La ciencia aplicada, de la cual los megaproyectos tecnológicos son su máxima expresión, busca resolver problemas concretos y generar productos tangibles. Sus logros son indiscutibles: desde satélites que revolucionan la comunicación global hasta fuentes de energía que prometen un mundo sostenible. No obstante, este brillo pragmático puede eclipsar una verdad fundamental: sin investigación básica, la ciencia aplicada pierde su sustento. 

No podemos olvidar que el conocimiento puro, generado a partir de preguntas guiadas por la curiosidad y no por una aplicabilidad inmediata, es el germen de las verdaderas revoluciones.

Considera, por ejemplo, los fenómenos que Albert Einstein y sus contemporáneos estudiaron hace más de un siglo.
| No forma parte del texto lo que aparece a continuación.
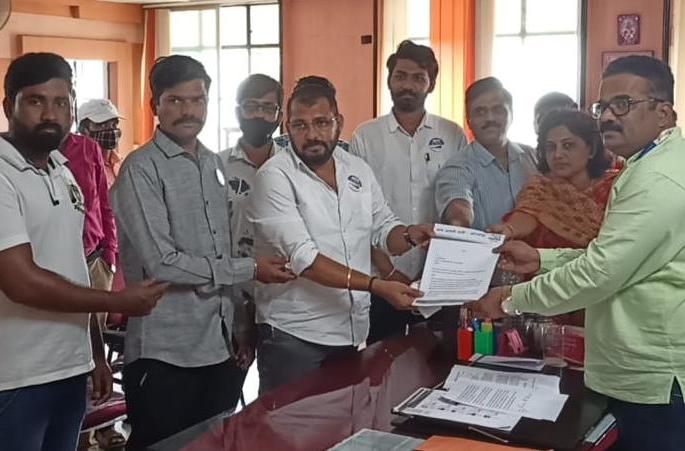 School fee inspection team nema, otherwise agitation | शालेय शुल्क तपासणी पथक नेमा, अन्यथा आंदोलन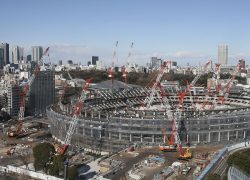 Começa a contagem regressiva para Tóquio 2020! (parte 2) This photo shows the new National Stadium under construction at Shinjuku Ward, Tokyo on Jan. 4, 2018. 2020 Tokyo Olympics and Paralympics will be held the first Olympic Games in 56 years since 1964. ( The Yomiuri Shimbun via AP Images )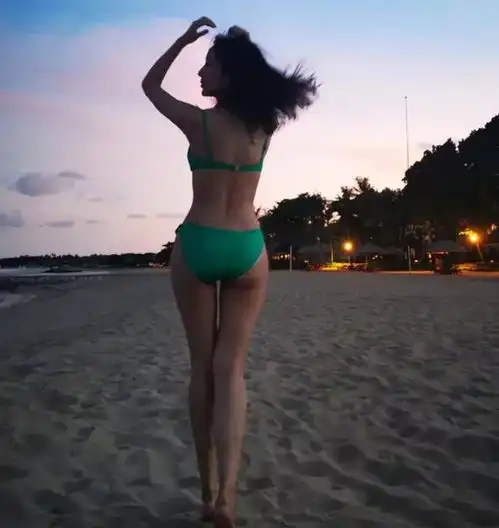  娄艺潇亮绿泳装写真套图,脸崩了身材还是顶,跟她旅游一次无憾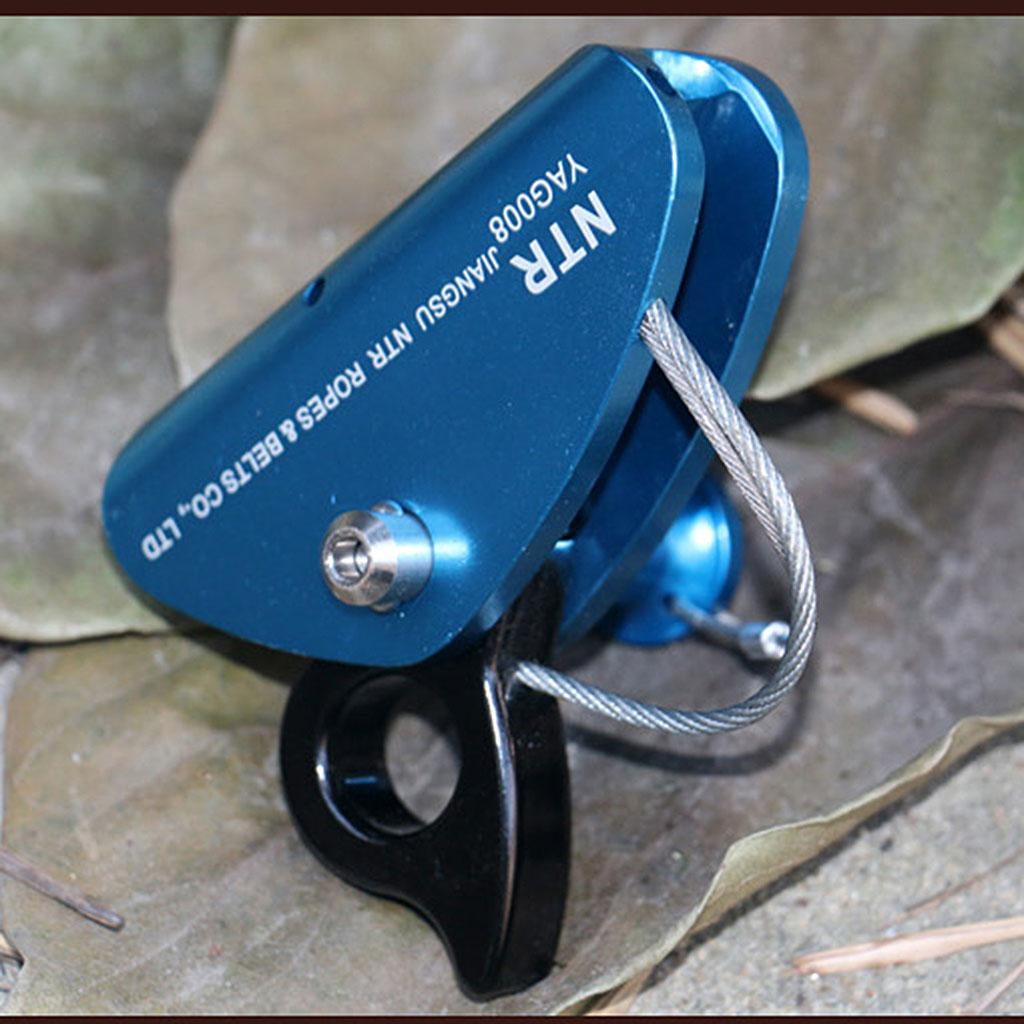 Wswqop 2 Pieces Outdoor Climbing Safety Rope Automatic Locking Device - Grasping Rope Riser Clamp - Ascender Equipment Rock Climbing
En su época, el entrelazamiento cuántico o el principio de incertidumbre eran conceptos que parecían, en el mejor de los casos, abstracciones filosóficas.

Sin embargo, estas ideas han dado lugar a tecnologías como la computación cuántica y las telecomunicaciones seguras. La ciencia aplicada no existiría sin estas bases; su progreso no puede separarse del conocimiento que la investigación básica hace posible.

Es aquí donde radica el dilema.La financiación de megaproyectos tecnológicos suele absorber una proporción considerable de los presupuestos destinados a la investigación y el desarrollo. Los gobiernos, las corporaciones y las instituciones se enfrentan a presiones crecientes para justificar su gasto con resultados rápidos, visibles y rentables.

Esto, sin muchos cuestionamientos, sabemos que desvía recursos de los laboratorios donde se exploran las preguntas fundamentales, aquellas que no ofrecen beneficios inmediatos, pero que tienen el potencial de transformar el mundo en formas insospechadas.

La tensión entre la investigación básica y la ciencia aplicada no es nueva, pero se intensifica en un contexto global donde la competencia económica y tecnológica define prioridades. No nos engañemos, las consecuencias de este desequilibrio son preocupantes. 

Hemos de saber que la investigación básica, al operar en el horizonte de lo desconocido, requiere tiempo, creatividad y libertad para explorar caminos que no siempre conducen a un destino claro. Cuando se reduce su financiación, el ecosistema científico pierde diversidad y profundidad, y las oportunidades de descubrimientos trascendentales se diluyen. 

Sí, he escrito la palabra diversidad, la seguiré usando en su amplio registro, aunque se empeñen en cancelarla. 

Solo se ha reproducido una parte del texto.